Autumn 2018, work begins. Words come before their result is inscribed on a canvas. A first encounter takes place at the artist’s studio, rue de la Roquette in Paris. Discussion focuses on Fromanger’s ties to Rue de Paris, temps de pluie, by Caillebotte but also with Pissaro’s Boulevard exterieur, effet de neige. Pissaro is a master who Fromanger is determined to include in the project. What is immediately apparent: their shared interests, the subject above all; but their differences or rather each artist’s singularity is even more manifest and becomes the heart of the ensuing discussion. Depending on the era, the street is represented totally differently. The painter has to take the reality and specificity of his own era into account. In other words the theme is the same, but the language changes. It is the painter’s task to elaborate such distinctions. Is this art and manner?
To the question, how best to represent the hausmann Paris of the great boulevards painted by the impressionists in the 1870’s, Fromanger brings us an answer, one hundred years later. In 1970 he devoted his time to a series of works called Boulevard des Italiens. Since then, never stopping, year after year, he has renewed the series and his manner of depicting the Boulevard. What new insights and vision could the street specialist bring to his public?
This is when the unexpected surprises us, or rather when the atelier’s truths impose themselves.

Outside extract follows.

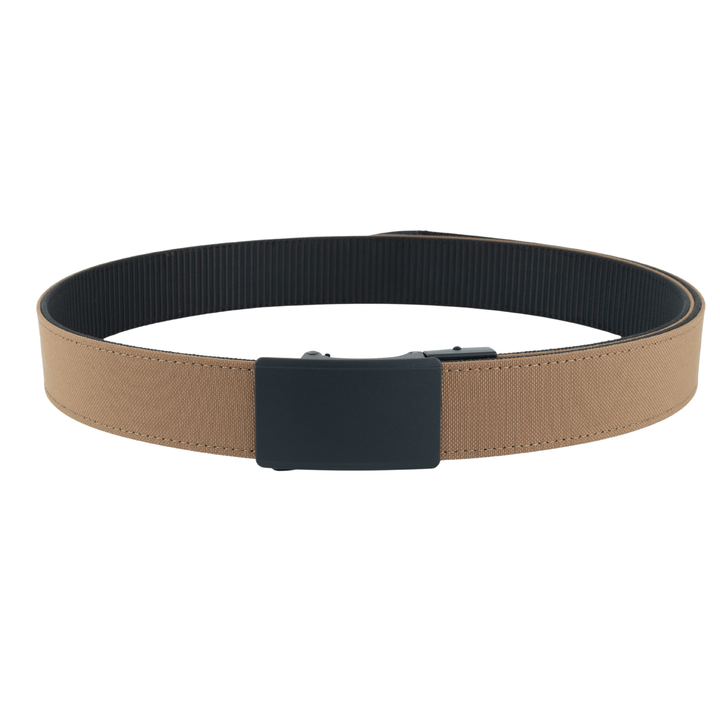 2ND AMEN OPS 1.0 EDC Gun Belt 1.5"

When Fromanger returns to Tuscany -returns to the chapel where he has been painting since 1980, he forgets Caillebotte and Pissarro, forgets the street. Why paint a work of art that exists already? Against all expectations, or rather, perhaps simply looking for his own renewal, the homage and the challenge come from Monet’s Impression, soleil levant. On a canvas some 200 by 300 cms, Fromanger tackles the queston head on: how to paint a rising sun in 2019? As a result, Fromanger’s dialogue at the Marmatton undertakes a confrontation with the master of this world, Monet himself, whose portrait Fromanger had done in 2017. For all of that, Caillebotte and Pissarro are not left behind. On the contrary, two works by Fromanger from 1970 (Salon de thé Boulevard des Italiens) and the other from 2003, Dos a dos, vert (from the series, Sens dessus, dessous) illustrate the continuity of the connection. This permanence reminds us, as Fromanger puts it so perfectly, that a canvas is never white, but is always already dark with all the work that has preceded it. It is the fruit of an uninterrupted succession and the expression of an unexpected dialogue.